(Provided data)

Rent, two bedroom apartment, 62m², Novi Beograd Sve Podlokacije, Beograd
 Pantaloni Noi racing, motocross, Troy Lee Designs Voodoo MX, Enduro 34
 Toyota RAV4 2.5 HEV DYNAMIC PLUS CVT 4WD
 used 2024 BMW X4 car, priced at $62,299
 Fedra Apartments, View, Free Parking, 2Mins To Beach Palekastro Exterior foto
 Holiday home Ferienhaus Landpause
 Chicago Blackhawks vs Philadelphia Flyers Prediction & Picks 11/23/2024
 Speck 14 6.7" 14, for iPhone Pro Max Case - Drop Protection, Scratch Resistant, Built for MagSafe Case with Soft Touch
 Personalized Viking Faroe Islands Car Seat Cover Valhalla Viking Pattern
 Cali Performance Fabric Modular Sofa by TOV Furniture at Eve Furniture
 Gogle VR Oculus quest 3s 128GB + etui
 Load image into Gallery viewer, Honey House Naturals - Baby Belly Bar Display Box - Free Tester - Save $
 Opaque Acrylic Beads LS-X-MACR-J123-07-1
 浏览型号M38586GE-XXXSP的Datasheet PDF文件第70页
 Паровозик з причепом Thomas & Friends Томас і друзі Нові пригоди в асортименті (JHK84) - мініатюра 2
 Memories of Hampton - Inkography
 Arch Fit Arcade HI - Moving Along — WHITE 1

(End Provided data)

Check each line above for the string "Free" and copy every line that has it.

 Fedra Apartments, View, Free Parking, 2Mins To Beach Palekastro Exterior foto
 Load image into Gallery viewer, Honey House Naturals - Baby Belly Bar Display Box - Free Tester - Save $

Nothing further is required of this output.